Exactly the lines below from the line with "Women's Farm Cow Pattern Cozy Knit Sweater" through the line with "AIMER チュール　シアー　パーティドレス　ジャガード　Iライン　イエロー" must make up the answer, both ends included and pictures left out.
BEGIN DATA TO PROCESS
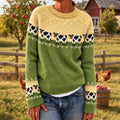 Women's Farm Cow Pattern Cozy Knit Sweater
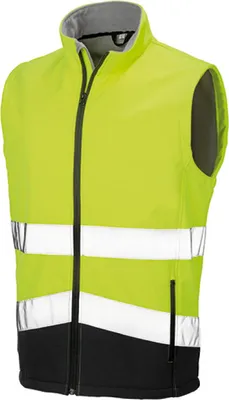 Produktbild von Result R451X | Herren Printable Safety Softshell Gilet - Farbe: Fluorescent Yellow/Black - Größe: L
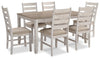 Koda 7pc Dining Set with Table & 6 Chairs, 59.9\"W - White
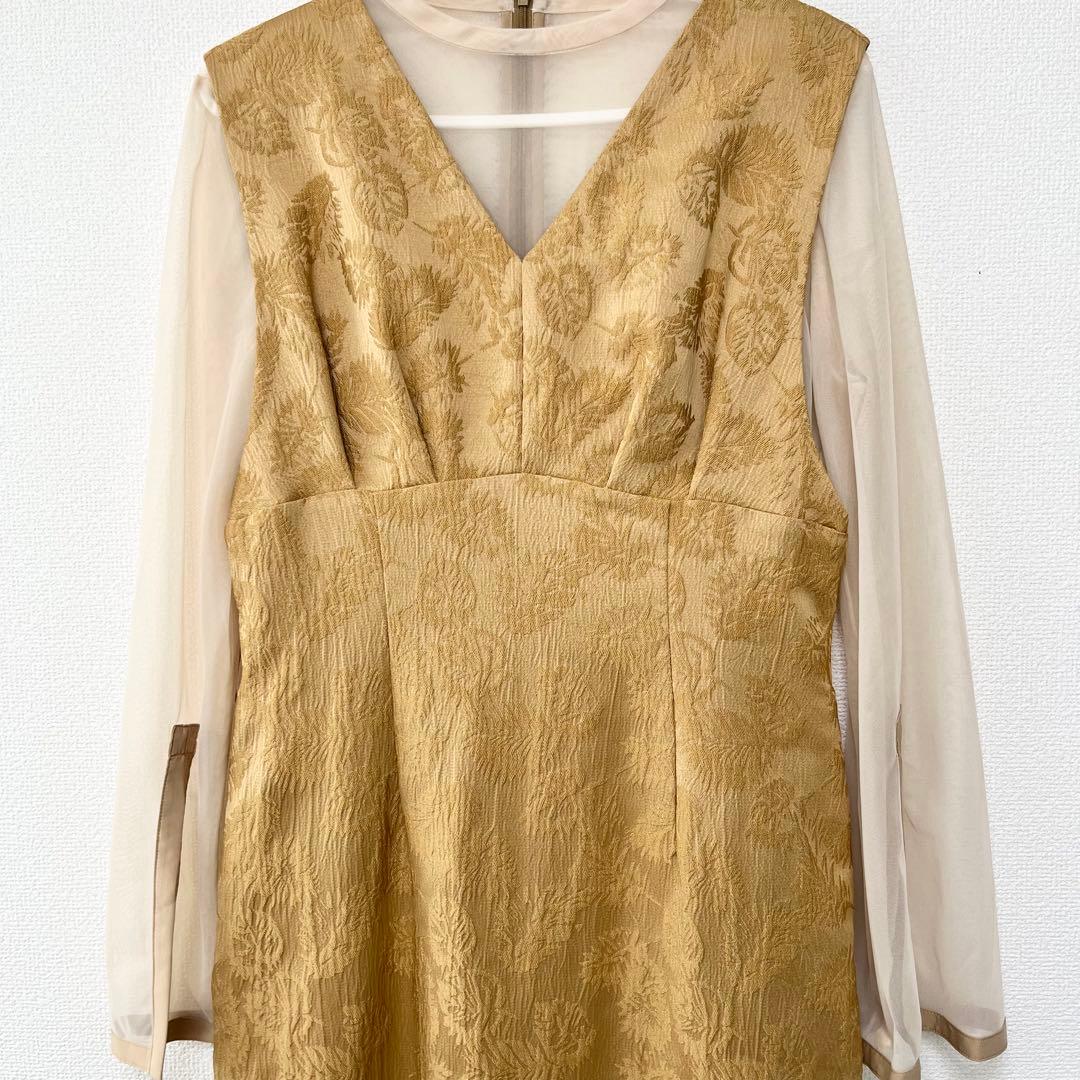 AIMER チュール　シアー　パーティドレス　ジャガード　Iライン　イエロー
END DATA TO PROCESS
BEGIN DATA TO PROCESS
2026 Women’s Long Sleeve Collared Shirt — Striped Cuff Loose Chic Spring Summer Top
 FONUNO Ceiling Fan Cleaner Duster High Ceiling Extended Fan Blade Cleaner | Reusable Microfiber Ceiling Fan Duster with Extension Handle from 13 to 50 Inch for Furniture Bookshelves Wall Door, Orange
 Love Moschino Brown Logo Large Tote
END DATA TO PROCESS
## REPLY:
 Women's Farm Cow Pattern Cozy Knit Sweater
 Produktbild von Result R451X | Herren Printable Safety Softshell Gilet - Farbe: Fluorescent Yellow/Black - Größe: L
 Koda 7pc Dining Set with Table & 6 Chairs, 59.9\"W - White
 AIMER チュール　シアー　パーティドレス　ジャガード　Iライン　イエロー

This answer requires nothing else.